Ingrédients pour 4 personnes
250g de carottes grossièrement râpées
4 tasses de lait bouillant
0,1g de safran
1/2 tasse de sucre
2 cuillerées d’amandes concassées
1 pointe de cuillère à café de graines de cardamome moulues

Réservez 2 cuillerées de lait pour y faire infuser le safran;Jetez les carottes fraîchement râpées dans le lait bouillant: elles y cuiront au moins une demi-heure. Ajoutez sucre, amandes, cardamome et lait safrané.
Remuez jusqu’à complète dissolution du sucre et faites cuire doucement en remuant de temps à autre jusqu’à obtenir la consistance d’un riz au lait.
Pour le servir moulez des cuillerée à soupe sur une assiette et décorez d’amandes effilées.
Cet entremets pakistanais se sert tiède.
C’est un mets délicat

Bouillabaisse

Ingrédients
un bel assortiment de poissons tels que : rascasse, grondin, vive, roucaou, saint pierre, baudroie, congre, merlan, loup,
crabe
oignons, ail
tomates
herbes : fenouil, thym , écorces d’orange,persil, laurier
1/2 verre d’huile d’olive
sel, poivre, safran
tranches de pain épaisse
persil haché

Dans un fait tout déposez oignons, ail, herbes. Posez dessu les poissons à chair ferme, une demi verre d’huile d’olive, et couvrez avec de l’eau bouillante.
Assaisonnez et portez à vive ébullition pendant 5 minutes. Ajoutez alors les poissons à chair tendre (loup, roucaou, saint pierre, merlan), faites encore bouillir vivement pendant 5 minutes..
Retirez du feu.
passez le liquide parfumé sur des tranches de pain disposées en fond de soupière.
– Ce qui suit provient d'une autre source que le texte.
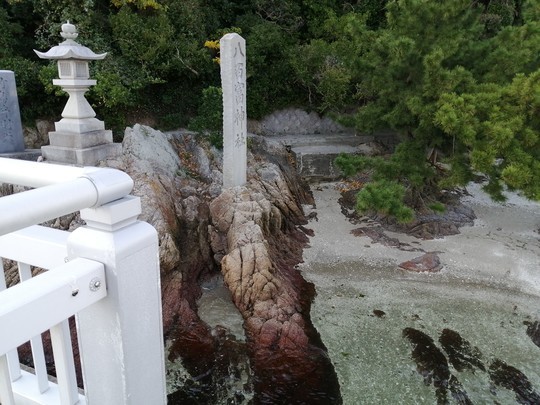 f:id:watto:20201112131107j:plain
Dressez poissons et crustacés sur un autre plat.
Saupoudrez de persil avant de présenter le plat.

Teindre au safran

Cette teinture était jadis prisée non seulement pour la brillance des couleurs obtenues, la beauté du « jaune safran » et son extraordinaire pouvoir colorant (1 partie de safran colore 100.000 fois son volume d’eau), mais aussi pour ses combinaisons avec d’autres couleurs dont elle relevait le ton.
Ainsi le safran par surteinture à l’indigo donne un très beau vert.
On vous dira souvent aujourd’hui qu’hélas le safran est « de petit teint », c’est à dire très instable, ne résistant pas au premier lavage mais des spécialistes de teintures anciennes comme Anne Rieger, qui a bien voulu teindre pour nous un écheveau de laine, ne l’a pas fait par ébullition mais par fermentation, donnant à cette belle couleur la qualité « grand teint ».
Anne Rieger est la spécialiste des teintures à l’ancienne par fermentation. Elle partage son temps entre recherches, conférences, expositions, restauration d’étoffes et cours.